𝚄𝚛𝚘𝚍𝚣𝚒𝚗𝚢 𝙷𝚊𝚠𝚔𝚜𝚊

1K 35 8
                                    

𝘿𝙯𝙞𝙨𝙞𝙖𝙟 (28.12) 𝙆𝙚𝙞𝙜𝙤 𝙏𝙖𝙠𝙖𝙢𝙞 𝙯𝙣𝙖𝙣𝙮 𝙟𝙖𝙠𝙤 𝙃𝙖𝙬𝙠𝙨 𝙤𝙗𝙘𝙝𝙤𝙙𝙯𝙞 𝙪𝙧𝙤𝙙𝙯𝙞𝙣𝙮. 𝙕 𝙩𝙚𝙟 𝙤𝙠𝙖𝙯𝙟𝙞 𝙙𝙤𝙨𝙩𝙖𝙟𝙚𝙘𝙞𝙚 𝙧𝙤𝙯𝙙𝙯𝙞𝙖ł.

Było zimne grudniowe popołudnie. Siedziałaś w pracy. Było mało klientów, więc sprawdzałaś social media i najświeższe informacje. Nagle coś Cię naszło i wpisałaś w wyszukiwarkę "Hawks" wyskoczyła Ci strona Wikipedii i zaczęłaś czytać.

Hawks - pro hero. Jego prawdziwym imieniem jest Keigo Takami. Urodzony 28 grudnia 1997 (ma 23 lata więc po prostu odjęłam nie ma takiej informacji na fandomie). Jego indywidualnością są czerwone skrzydła, których pióra mogą się odczepiać i samodzielnie latać, co wykorzystuję przy ratowaniu ludzi. [...]

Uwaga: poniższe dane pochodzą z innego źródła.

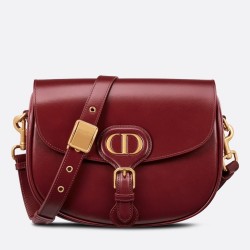 Dior Medium Bobby Bag In Bordeaux Calfskin CDBS2413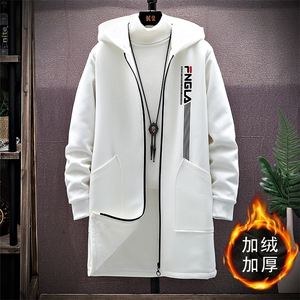 冬款青年男士大码中长款休闲连帽风衣加绒加厚棉衣外套 F930-P75图片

Wait (czekaj) ... Ma urodziny 28 grudnia. Dzisiaj jest 28 grudnia. O fuck ... (O cholera(że tak to ujmę(chyba wszyscy znają tego tłumaczenie)))

Tylko tyle pomyślałaś i zaczęłaś się zastanawiać co możesz mu dać. Najpierw do niego napisałaś.

Wiadomość prywatna do Kurczak 

Ja - Hej robisz coś dzisiaj?

Kurczak - Niekoniecznie... A co?

Ja - Chcesz gdzieś wyjść?

Kurczak - Może po prostu do mnie przyjdziesz? Nie chcę mi się ruszać skrzydeł 

Ja - Ok

Ja - Będę koło 19 

Kurczak - Spoko :*

Kurczak - Nie mogę się doczekać  ^^

Ja - Tylko posprzątaj ten burdel 

Kurczak - Lepiej mieć burdel w pokoju niż pokój w burdelu 

Ja - To było dobre

Ja - Uśmiechnęłam się

Ja - Muszę kończyć. Do potem

Kurczak - Do potem :*

Zakończyłaś pisanie z przyjacielem i obsłużyłaś kolejnego klienta. Po skończeniu pracy weszłaś w  parę miejsc.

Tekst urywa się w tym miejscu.